Literature on Fertility Intention and Gaps

To adopt timely and appropriate policies and services that aim to increase the fertility rate in Hong Kong, it is very important to understand the trend of individuals’ fertility intentions and the factors underlying them. The most recent study based on a survey in 2012 showed that the average actual parity among Hong Kong women was 1.3, lower than the average ideal parity of 1.7; and factors associated with first-birth intentions included marital satisfaction, household income, and communication with husbands in terms of childrearing (Chen & Yip, 2017). The current study is needed for the following reasons.

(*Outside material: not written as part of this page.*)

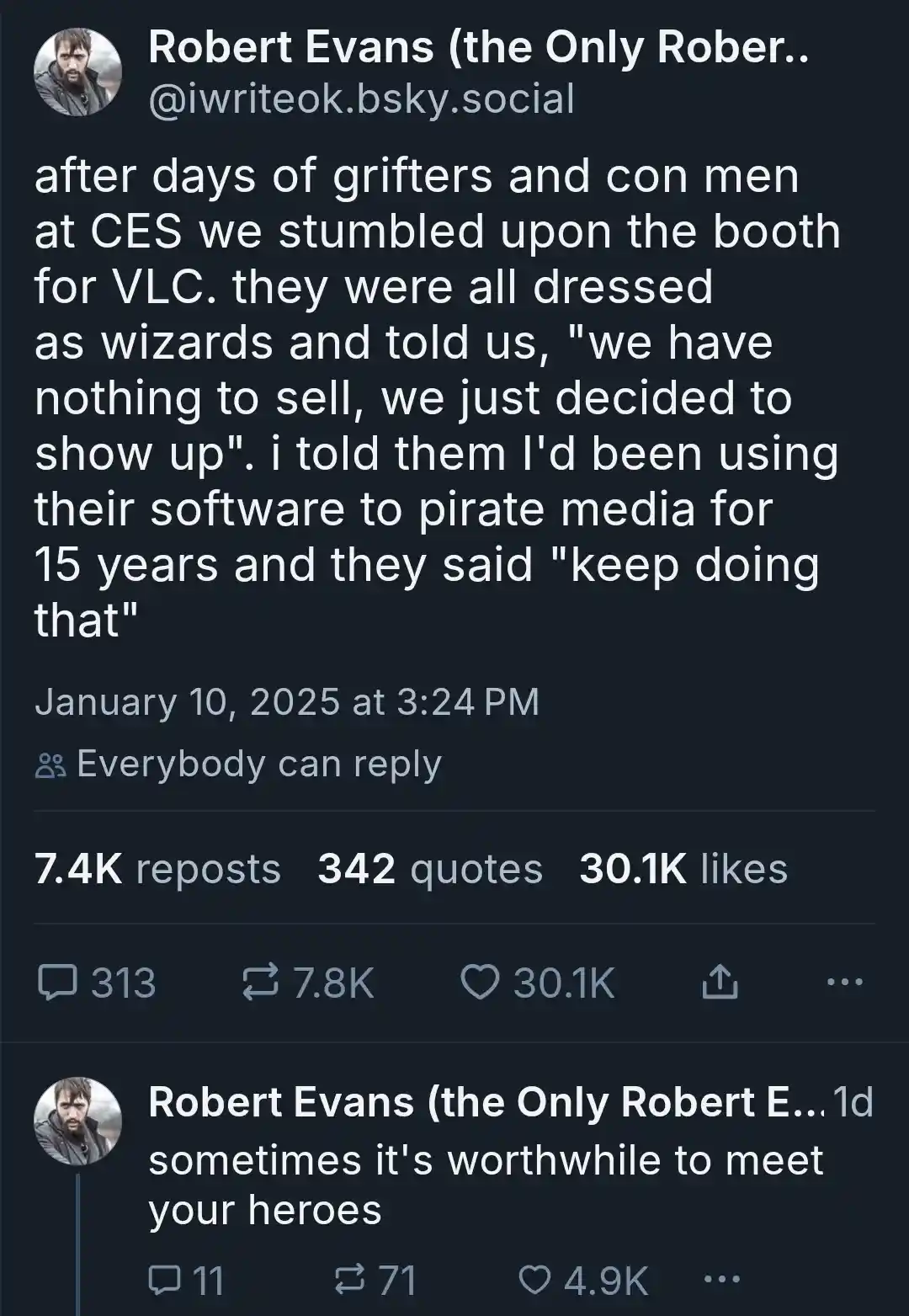 A screenshot of a social media post by Robert Evans, showing a dark-themed interface with white text. The post recounts…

First, it is meaningful to examine the fertility intentions of people of both genders and different levels of parity. Most studies have examined fertility intentions among women only; fertility intentions among men have received less attention (Chen & Yip, 2017; Cheng & Hsu, 2020; Park et al., 2010; C.-K. Wong et al., 2011). While examining female fertility is an approach that obtains accurate TFRs, considering the importance of the involvement of men in fertility decisions and parenting, studies on men’s fertility intentions and comparisons between men and women are needed (Dudel & Klüsener, 2021).

Second, the formation of childbearing intentions is a dynamic process that changes as life unfolds. Hayford (2009) found that nonmarriage was associated with a decline in the intended family size, and early first birth was associated with an increase in the intended family size among US women in their life course. According to Lacovou and Tavares (2011), people are very likely to adjust their fertility expectations after the birth of their first child, so first-birth intentions are crucial determinants of the intention to have a second or subsequent child and affect TRF. The intentions of young adults to have their first child have received growing research attention in recent years (Karabchuk, 2020). As stable low-order live births are one of the most important factors underlying the trend of declining fertility in Hong Kong (Census and Statistics Department of Hong Kong, 2020), it is important to examine the fertility intentions of childless individuals, both those who do not have a partner and those who do.

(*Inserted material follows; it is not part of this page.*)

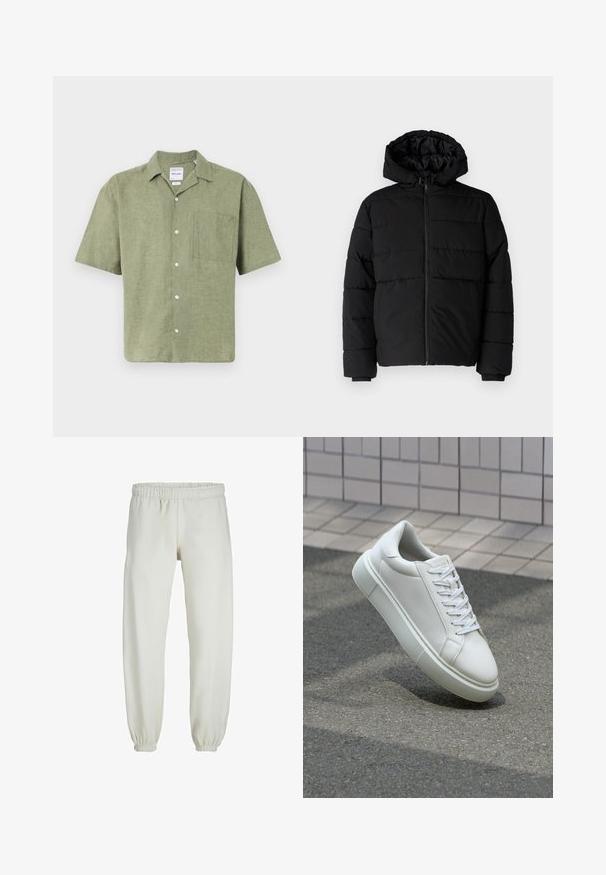 Black puffer jacket featuring a zip front, a hood, and horizontal quilted design. Made of a smooth, durable fabric with ribbed cuffs.; Short-sleeve olive green linen shirt with a collar, front button closure, and a chest pocket. Textured fabric with a natural finish.; White sweatpants made from soft fabric, featuring an elastic waistband and cuffs, with a smooth texture and loose-fitting design.; White leather sneaker with a smooth surface, round toe, and flat white laces. Features a textured rubber sole and minimal design elements.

Third, while individual characteristics, the wider sociocultural context, and social policies underlying individuals’ fertility intentions have been extensively examined in several large-scale population surveys, the role of family contextual factors in shaping fertility intentions requires more attention. Research has shown that a high-quality relationship between partners, an egalitarian division of housework, increased paternal investment in childcare, and help from relatives are associated with higher fertility intentions among women (Berninger et al., 2011; Chen & Yip, 2017; Cheng & Hsu, 2020; Park et al., 2010). More research examining the influences of family dynamics, including family functioning and parenting stress, is needed for a better understanding of the determinants of fertility intentions.

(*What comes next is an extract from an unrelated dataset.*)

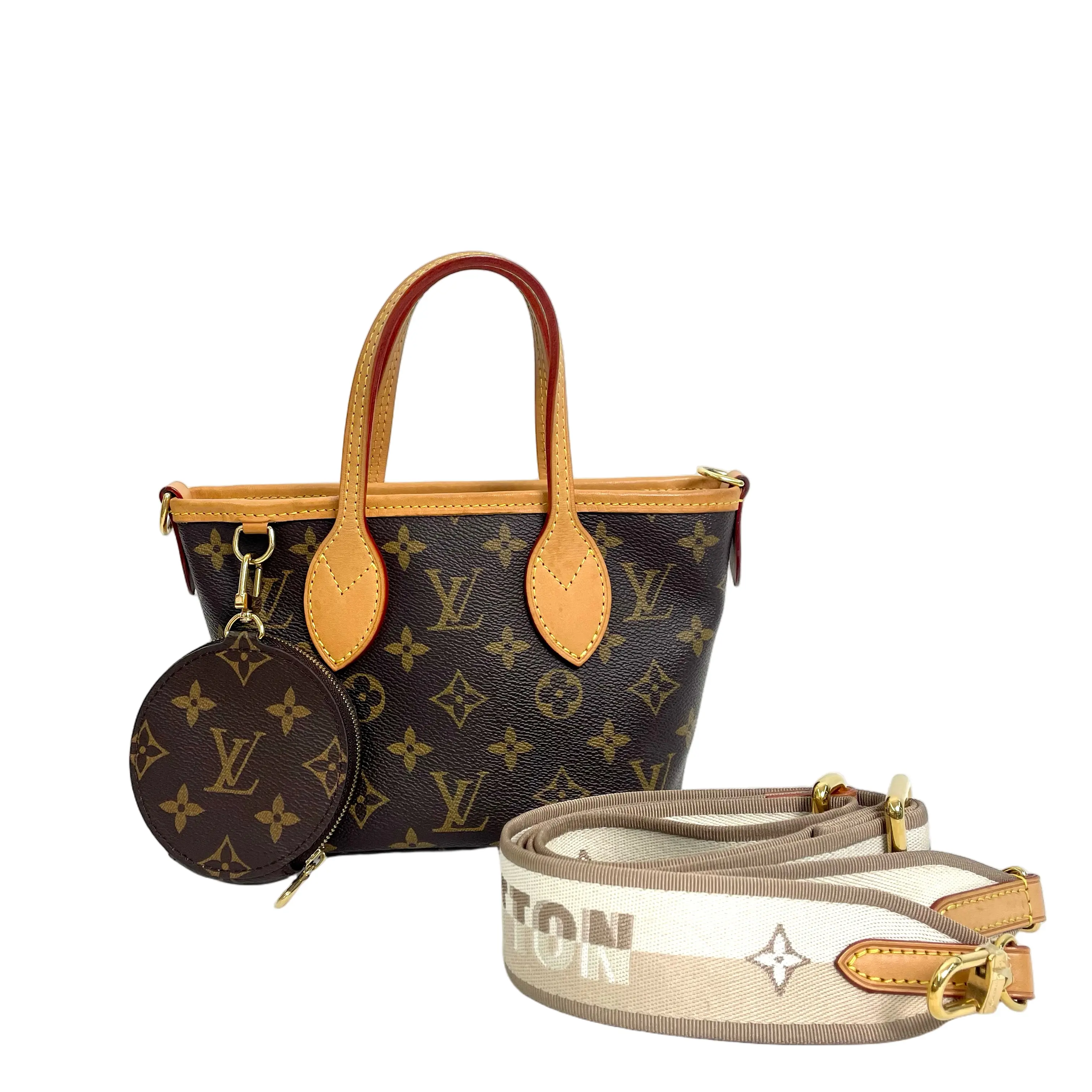 Pre-owned canvas crossbody bag Louis Vuitton Neverfull PM Monogram Tote Bag with Beige Jacquard Strap & Round Coin Purse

Fourth, Hong Kong faces escalating housing problems (H. Wong & Chan, 2019) characterized by chronic persistent shortages, extremely compact sizes, and unaffordability. Housing conditions were found to be significantly associated with fertility behaviors. Property ownership and spacious housing could facilitate the transition to parenthood (Kulu & Vikat, 2007; Mulder & Wagner, 2001). Furthermore, the degree to which people feel secure about their housing conditions was found to be positively associated with their intention to have children (Vignoli et al., 2013). Understanding the geographical variations in fertility intention by housing situations will provide valuable evidence for policymaking and service provision in Hong Kong.

The Theory of Planned Behavior

The theory of planned behavior (TPB) developed by Ajzen (1991) links fertility intention to actual fertility behavior. Scholars have criticized TPB for failing to explain the sufficient variability in behavior, which is linked to its limited predictive validity (Sniehotta et al., 2014). For example, people who form the fertility intention can subsequently fail to act, and fertility can also be unintended. Thus, it might be inappropriate to assume a clear intention preceding conception (Morgan & Bachrach, 2011). We agree with the existence of a gap between fertility intention and its realization; however, as the current study did not discuss to what extent fertility intention can predict fertility behavior, we deem the use of TPB to examine factors contributing to fertility intention as appropriate and have incorporated several critiques when adopting TPB.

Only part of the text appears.